On Mon, 9 Apr 2012, Linus Torvalds wrote:

> The real bug is actually that those notifiers are a f*cking joke, and
> the return value from the notifier is a mistake.
> 
> So I personally think that the real problem is this code in
> profile_handoff_task:
> 
>         return (ret == NOTIFY_OK) ? 1 : 0;
> 
> and ask yourself two questions:
> 
>  - what the hell does NOTIFY_OK/NOTIFY_DONE mean?
>  - what happens if there are multiple notifiers that all (or some)
> return NOTIFY_OK?
> 

NOTIFY_OK should never be a valid response for this notifier the way it's 
currently implemented, it should be NOTIFY_STOP to stop iterating the call 
chain to avoid a double free.  Right now it doesn't matter because only 
oprofile is actually freeing the task_struct and lowmemorykiller should be 
using NOTIFY_DONE.

Then we have a completeness issue if multiple callbacks want to return 
NOTIFY_STOP and an ordering issue if the oprofile callback is invoked 
before lowmemorykiller.

> I'll tell you what my answers are:
> 
>  (a) NOTIFY_DONE is the "ok, everything is fine, you can free the
> task-struct". It's also what that handoff notifier thing returns if
> there are no notifiers registered at all.
> 
>      So the fix to the Android lowmemorykiller is as simple as just
> changing NOTIFY_OK to NOTIFY_DONE, which will mean that the caller
> will properly free the task struct.
> 

I don't think so for Werner's config who also has CONFIG_OPROFILE=y, so 
oprofile would return NOTIFY_OK and queue the task_struct for free, then 
the second notifier callback to the lowmemorykiller would return 
NOTIFY_DONE which would result in put_task_struct() doing free_task() 
itself for a double free.

>      The NOTIFY_OK/NOTIFY_DONE difference really does seem to be just
> "NOTIFY_OK means that I will free the task myself later". That's what
> the oprofile uses, and it frees the task.
> 
>  (b) But the whole interface is a total f*cking mess.

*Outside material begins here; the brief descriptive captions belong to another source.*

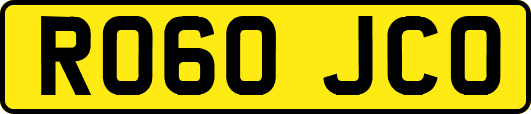 RO60JCO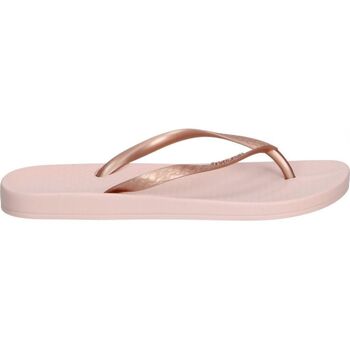 Sapatos Mulher Chinelos Raider 81030-AG184 Rosa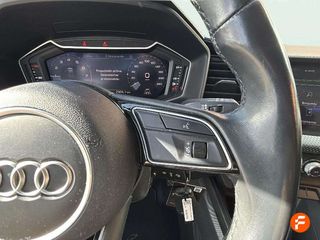 Audi A1 Sportback Advanced 30 TFSI 81kW (110CV)
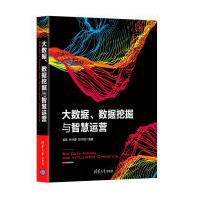 《大数据、数据挖掘与智慧运营》[67M]百度网盘|pdf下载|亲测有效
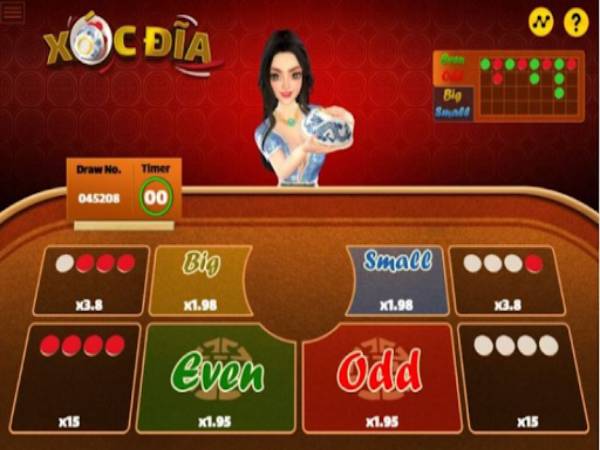 Cách chơi phổ biến tại Casino trực tuyến 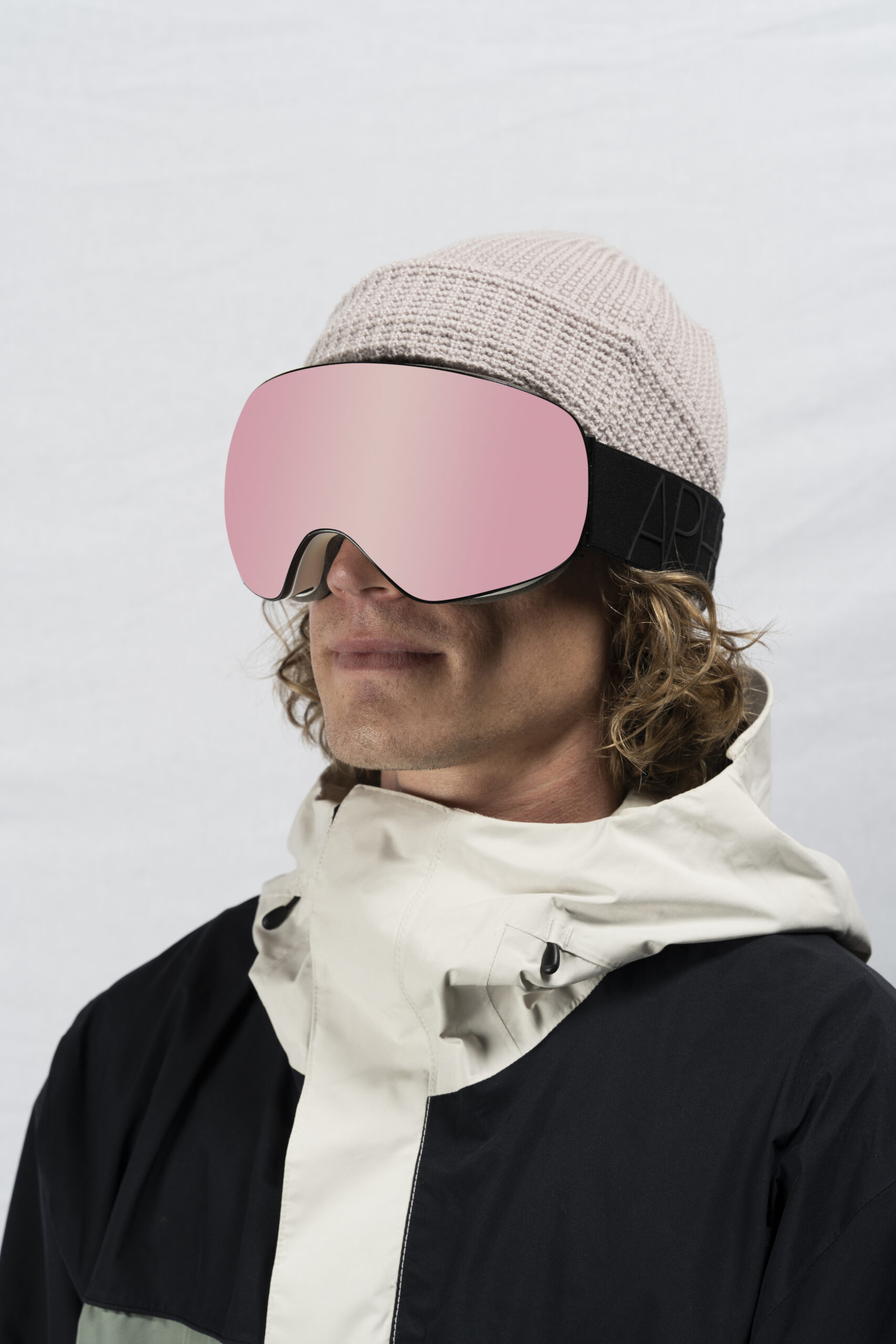 XPR Black - Pink Edition gallery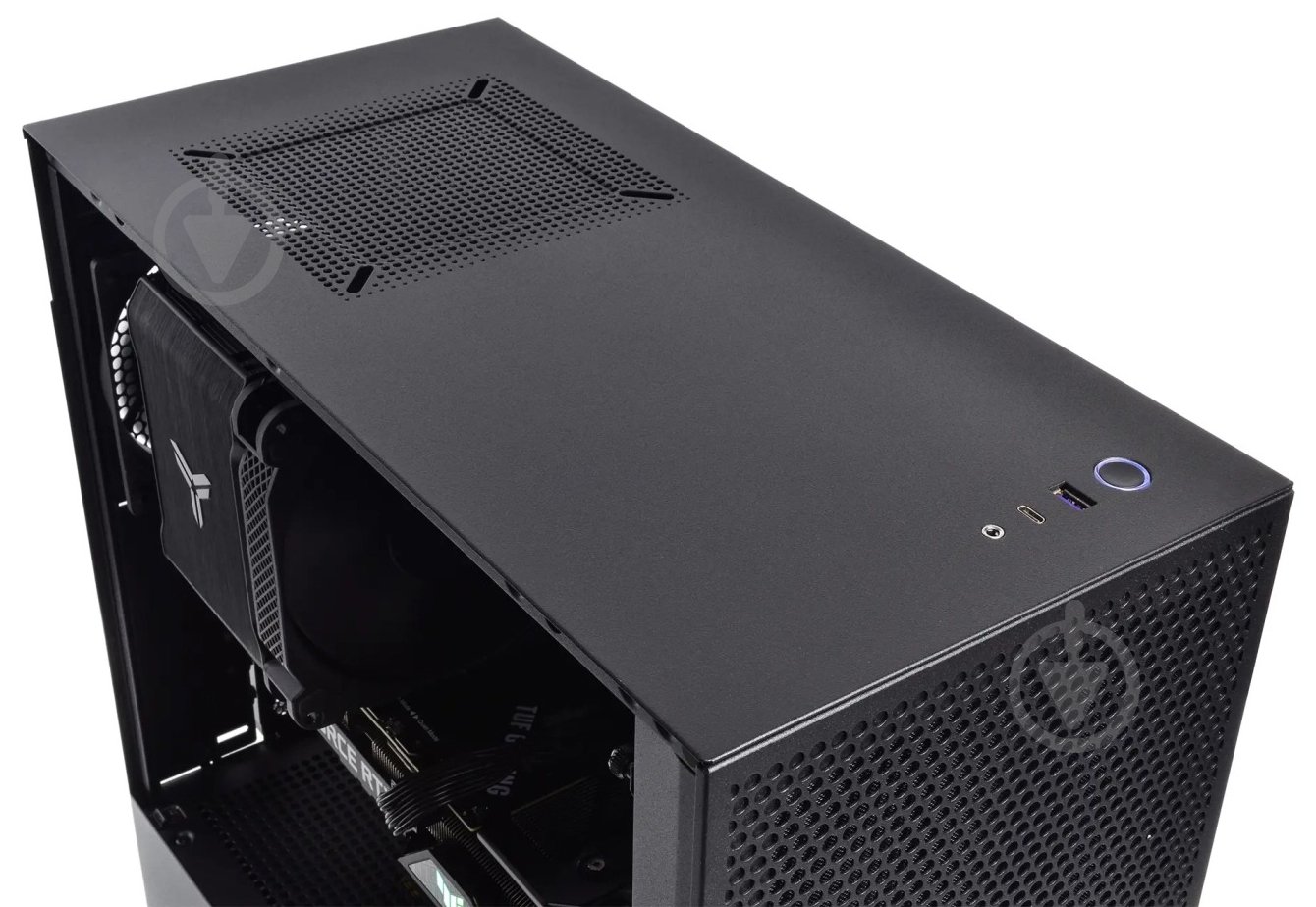 Компьютер Artline Silent SL5 (SL5v25Win) black - фото 4 Компьютер Artline Silent SL5 (SL5v25Win) black - фото 4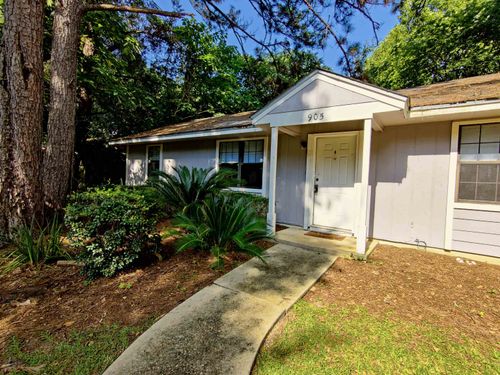 905 Tomahawk Ct, TALLAHASSEE, FL, 32304-4096 | Card Image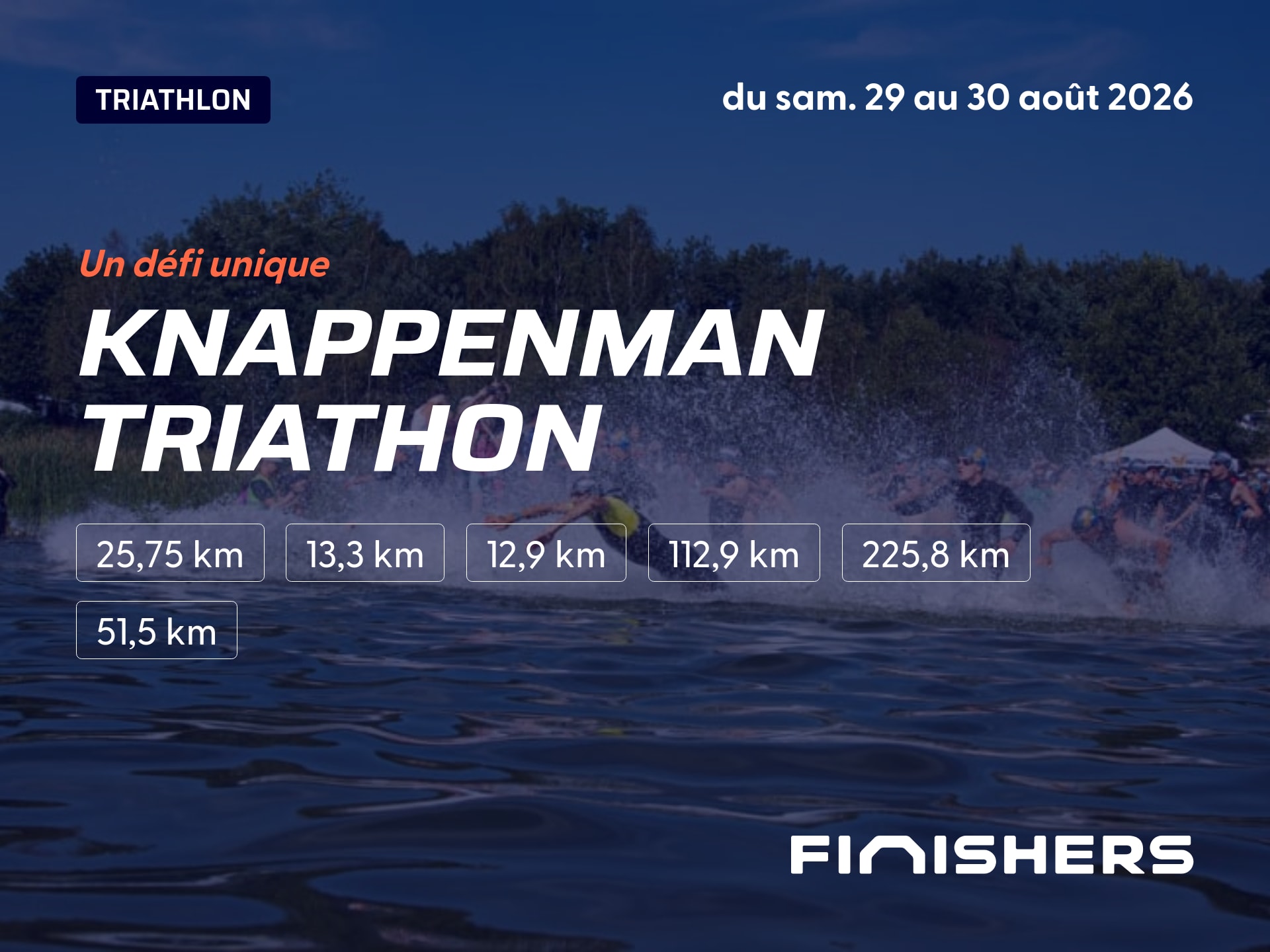 KnappenMan Triathon — foto 3 em 5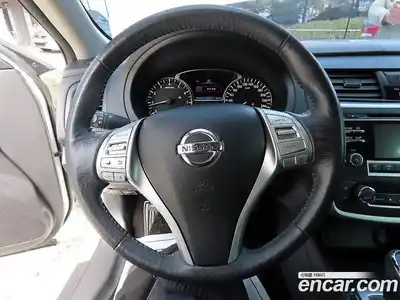 Nissan Altima 2016 2.5 гидро в Москве № 1200261, миниатюра 8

If *multiple*
> people return NOTIFY_OK, they're royally fucked. And the whole (and
> only) point of notifiers is that you can register multiple different
> ones independently.
> 
> So quite frankly, the *real* bug is not in that android driver
> (although I'd say that we should just make it return NOTIFY_DONE and
> be done with it). The real bug is that the whole f*cking notifier is a
> mistake, and checking the error return was the biggest mistake of all.
> 

Right, we can't handoff the freeing of the task_struct to more than one 
notifier.  It seems misdesigned from the beginning and what we really want 
is to hijack task->usage for __put_task_struct(task) if we have such a 
notifier callchain and require each one (currently just oprofile) to take 
a reference on task->usage for NOTIFY_OK and then be responsible for 
dropping the reference when it's done with it later instead of requiring 
it to free the task_struct itself.

That's _if_ we want to continue to have such an interface in the first 
place where it's only really necessary right now for oprofile (and, hence, 
wasn't implemented in an extendable way).  I'm thinking the 
lowmemorykiller, as I eluded to, could be written in a way where we can 
detect if a thread we've already killed has exited yet before killing 
another one.  We can't just store a pointer to the task_struct of the 
killed task since it could be reused for a fork later, but we could use 
TIF_MEMDIE like the oom killer does.